Imran Khan, former prime minister of Pakistan, has passed the term of the country's government election campaign in jail, disqualified from running in what experts have described as one of the least credible general elections in the country's 76-year history.

But from behind bars, he has been rallying his followers in recent months with speeches that use artificial intelligence to replicate his voice, part of a technological strategy his party deployed to evade military repression.

And on Saturday, when official counts showed candidates aligned with his party, Pakistan Tehreek-e-Insaf, or PTI, won the most seats in a surprise result that threw the country's political system chaosit was Mr. Khan's AI voice that declared victory.

“I had full confidence that all of you would come out and vote. You fulfilled my faith in you and your massive participation has amazed everyone,” said the soft, slightly robotic voice in the minute-long video, which used historical footage and footage of Mr Khan and contained a disclaimer about its origins. of AI. The speech rejected Khan's rival Nawaz Sharif's claim of victory and urged his supporters to defend the victory.

As concerns grow about the use of artificial intelligence and its power to deceive, particularly in elections, Khan's videos offer an example of how AI can work to circumvent repression. But, experts say, they also raise fears about its potential dangers.

“In this case, it's for a good purpose, perhaps a purpose we would support: that someone who is locked up on trumped-up corruption charges can talk to his followers,” said Toby Walsh, author of “Faking It: Artificial.” Intelligence in a human world” and professor at the University of New South Wales. “But at the same time, it's undermining our belief in the things we see and hear.”

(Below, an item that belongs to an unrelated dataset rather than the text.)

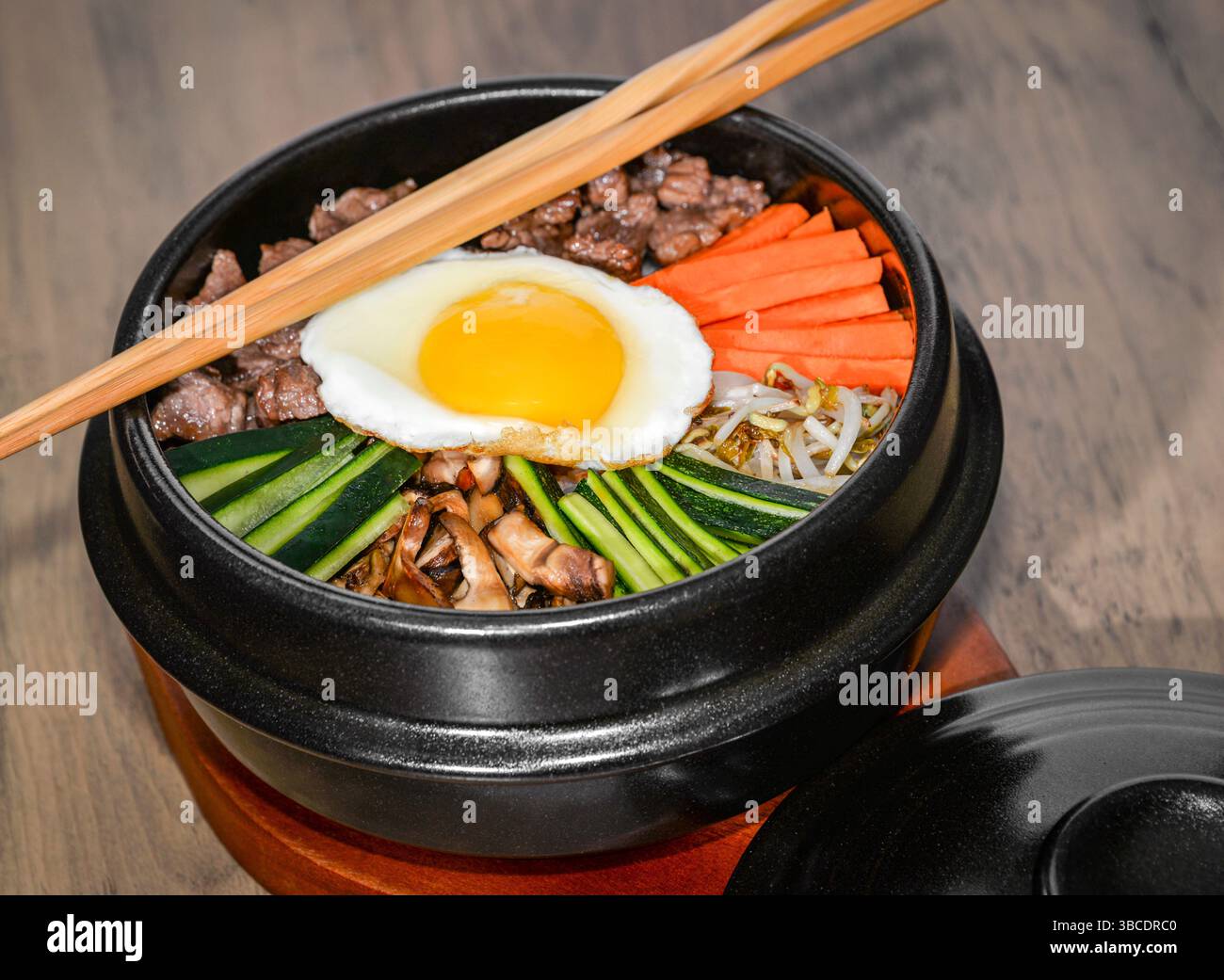 Bibimbap, ein koreanisches Reisgericht Stockfoto Bibimbap, ein koreanisches Reisgericht Stockfoto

Khan, a charismatic former cricket star, was ousted from power in 2022 and jailed last year on charges of leaking state secrets, among other charges. He and his supporters have said military leaders orchestrated her ouster, an accusation they reject.

During the election campaign, officials prevented their candidates from campaigning and censored the party's news coverage. In response, organizers held online demonstrations on platforms such as YouTube and TikTok.

In December, his party began using AI to spread Khan's message, creating speeches based on notes he passed to his lawyers from prison, according to statements from the partyand put them on video.

This is not the first time that political parties have used artificial intelligence.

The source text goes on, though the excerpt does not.